Although the Clash could be magnificent (Complete Control, White Man in Hammersmith Palais), all too often they were just irritating (I personally found the Jam, Elvis Costello and Buzzcocks more consistent, and more productive to boot). The Clash’s songs have become posthumous anthems – impossible for the masses to enjoy or Radio One to programme when they were newly-minted, but now a suitable karaoke backing track for the Princess Royal and the Prime Minister.

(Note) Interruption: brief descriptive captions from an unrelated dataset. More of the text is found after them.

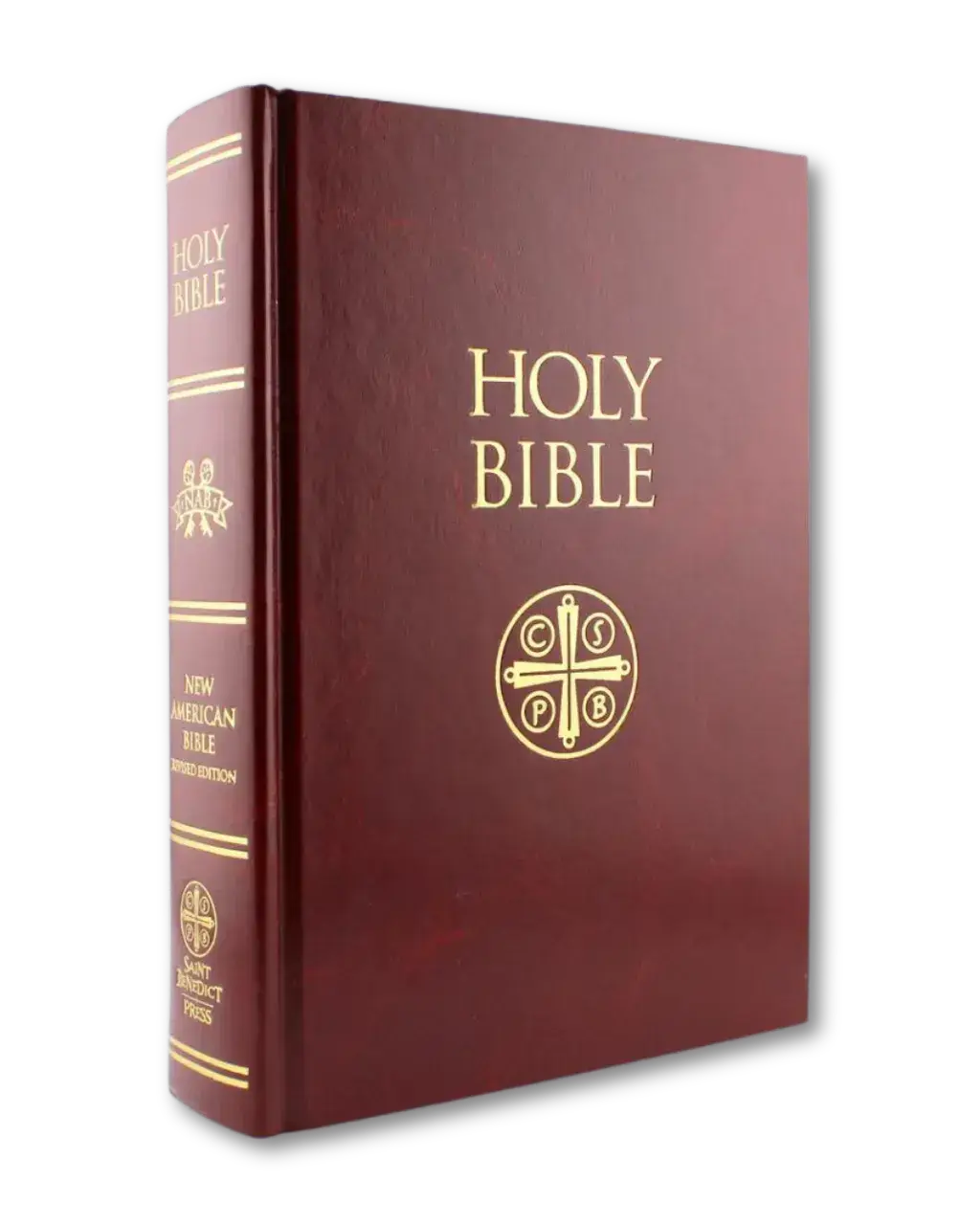 NABRE Hardcover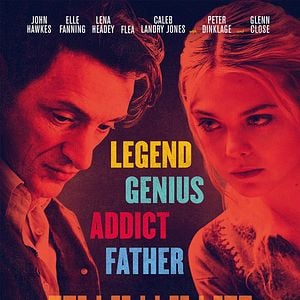 Foto Low down (Una vida al límite)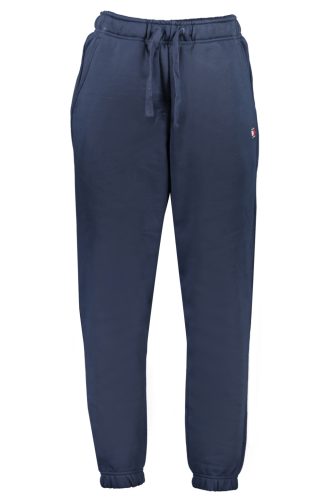 TOMMY HILFIGER FÉRFI KÉK NADRÁG
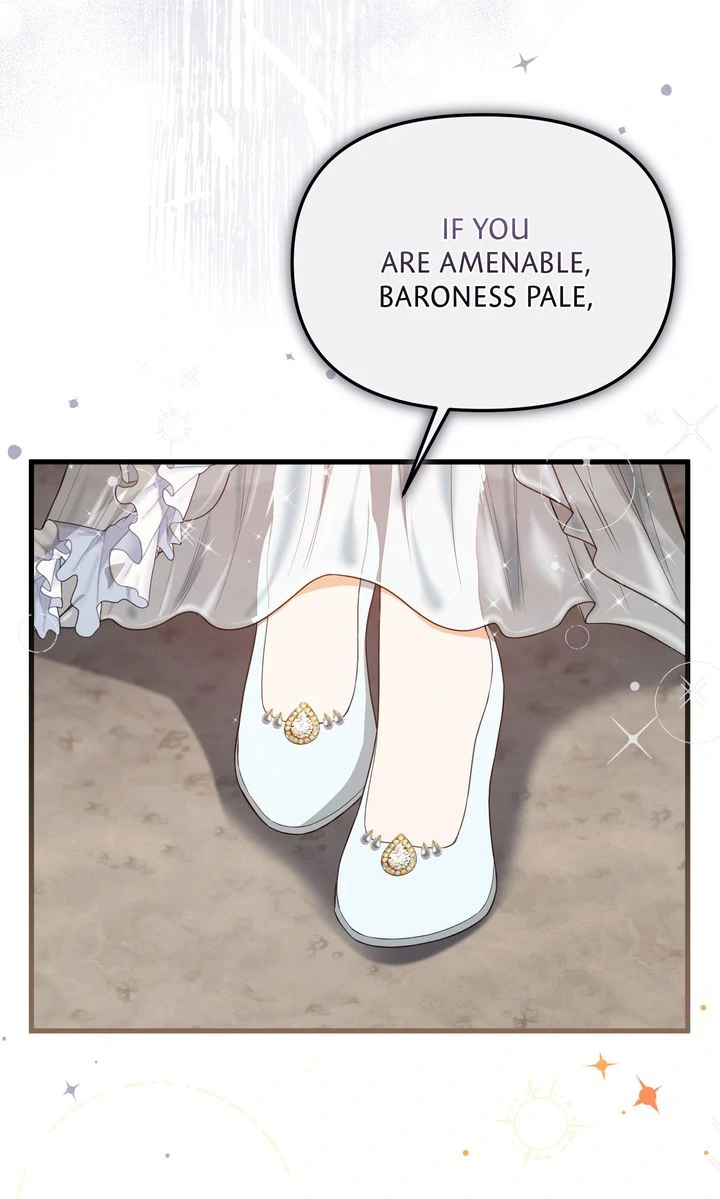 The Saintess Returns as a Villain Chapter 30 - page 75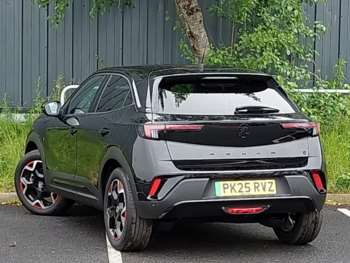 Used Vauxhall Mokka 2025 for sale - 74793469: Photo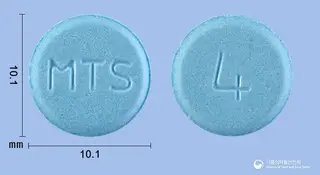 아씨엠정200mg(아시클로버) 사진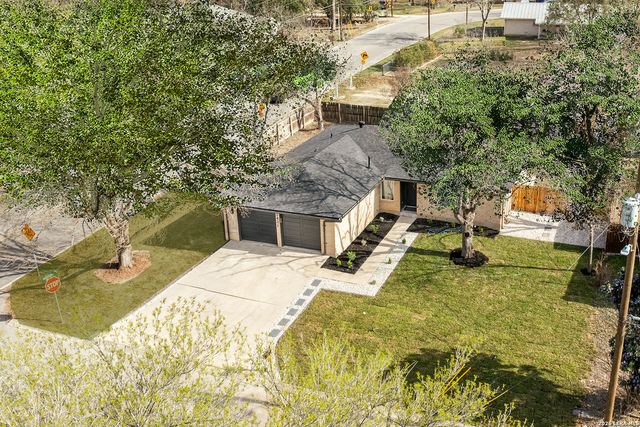 1431 Camellia, New Braunfels, TX 78130
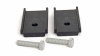 Rhino Rack Distanzstücke 10mm (1 Paar) 50-LHSPAIR 50-LHSPAIR LHSPAIR 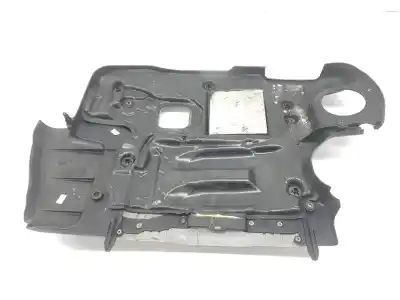 Second-hand car spare part engine cover for bmw 3 compact (e46) 320 td oem iam references 11147787330  11147787330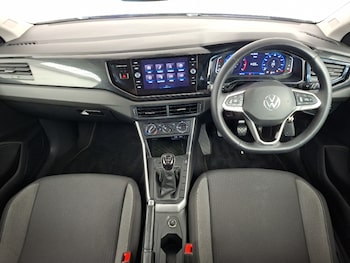 Used Volkswagen Polo 2022 for sale - 79286390: Photo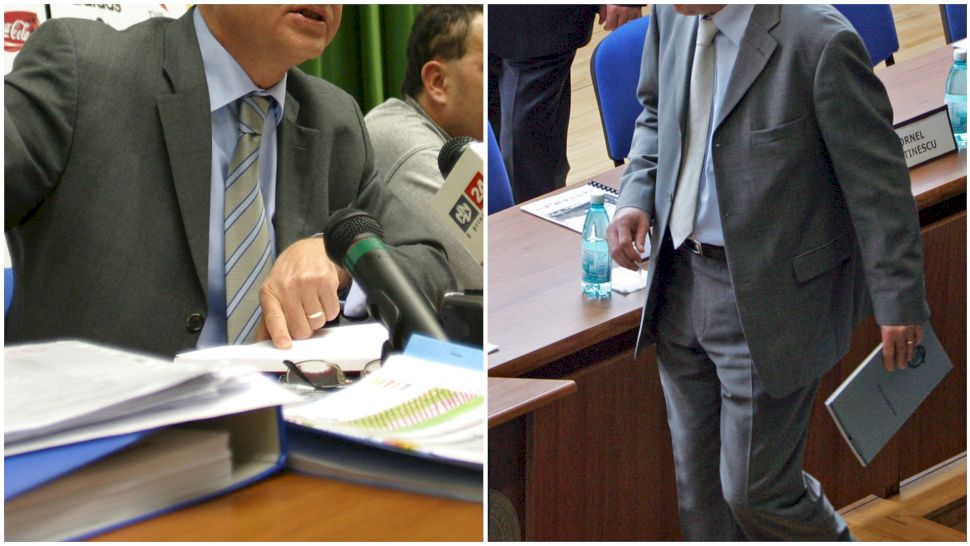 Mesajul emoționant al celui mai influent lider din fotbalul românesc: ”După trei cancere, nu pot să spun decât asta...”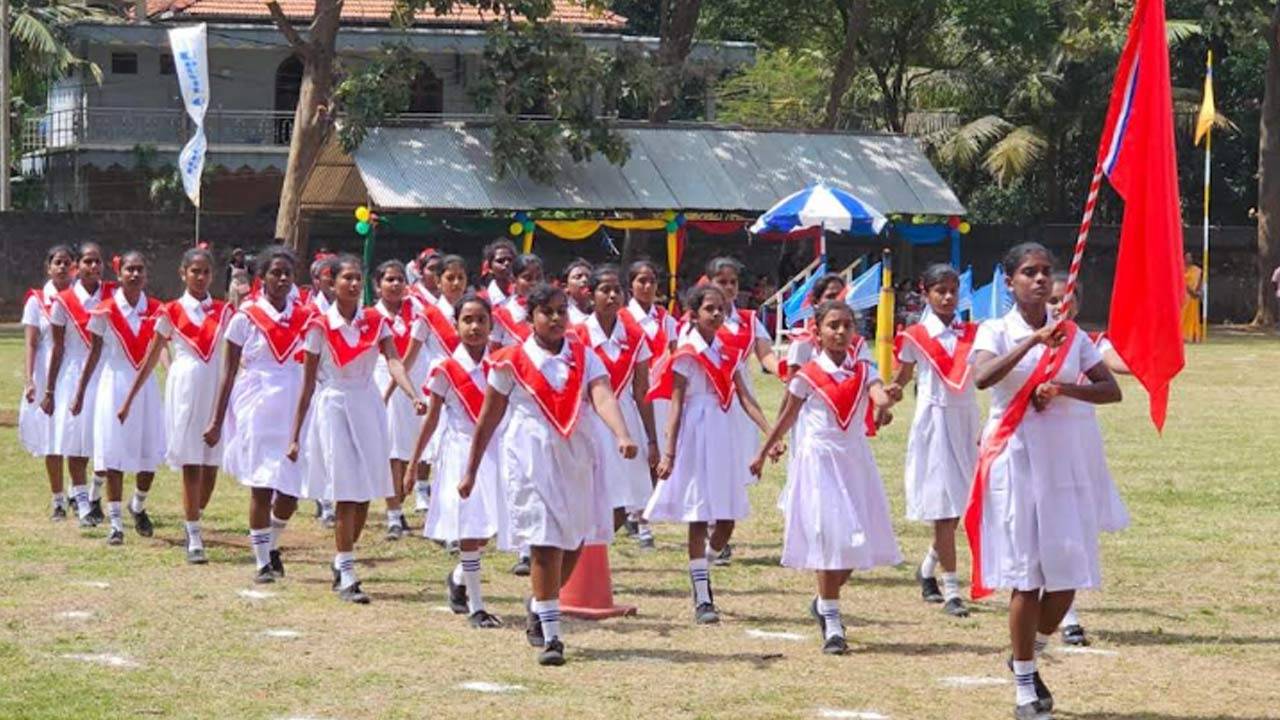 மெய்வல்லுனர் போட்டி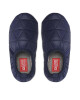 Big Star Shoes Пантофи KK274605 Blue - Mera.bg
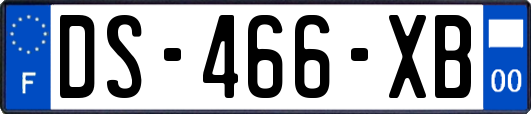 DS-466-XB
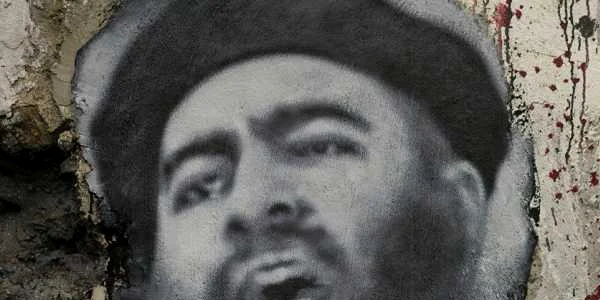 lider ISIS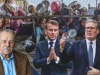 POGLED IZ HRVATSKE: 'Sramota je to što Evropa nije ranije priznala Palestinu. A Hrvatska? Tu se događa miloševićevski paradoks'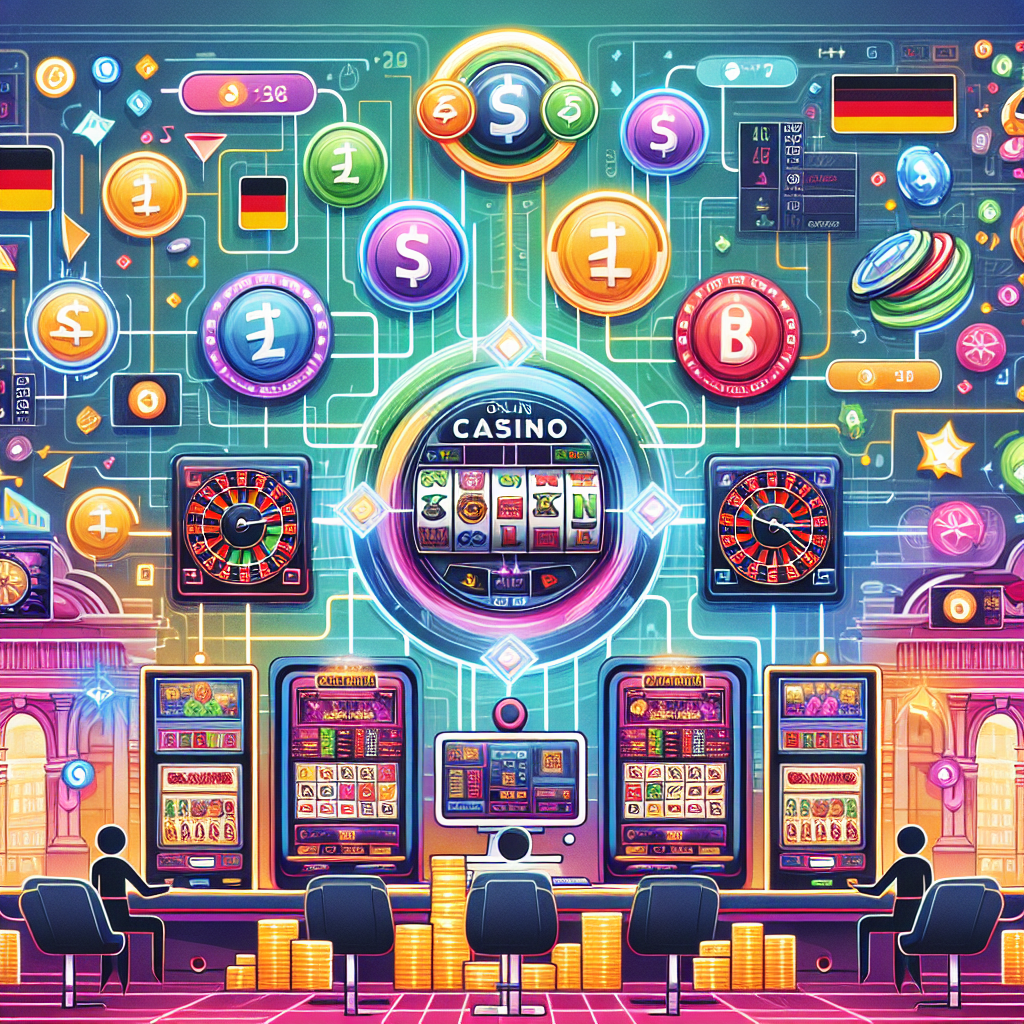 Alles, was Sie 2025 über NV Casino wissen müssen: Ein umfassender Testbericht der besten Spiele, Boni und Sicherheitsmerkmale für deutsche Spieler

Rock and roll and athletics once occupied wholly separate worlds, with TV sports commentators in blazers and ties, and theme tunes provided by the likes of Tony Hatch. In 1986, Colourbox (a good band who achieved too little) released a single called “The Official Colourbox World Cup Theme”, the joke being that no contemporary group would ever be commissioned to create sports programming music, any more than the Southern Death Cult were likely to represent the UK at the Eurovision Song Contest. Perhaps Colourbox were sensing the generational shift that moved rock from the wrong side of the tracks towards family entertainment. With rock stars getting older and hiring better lawyers, it didn’t take long for their music to move from its own self-defined world into the mainstream (even if an ironic stance was for a long time de rigueur). By the time New Order emasculated themselves with an updated version of Back Home, pop and rock had reverted to the days of Lita Rosa, and was reduced to a bit-part role in the ongoing variety show of popular entertainment. This doesn’t mean that modern musicians can’t spin a pleasant tune, but the revolutionary fire is long gone, and personal or political views are now better expressed through other media.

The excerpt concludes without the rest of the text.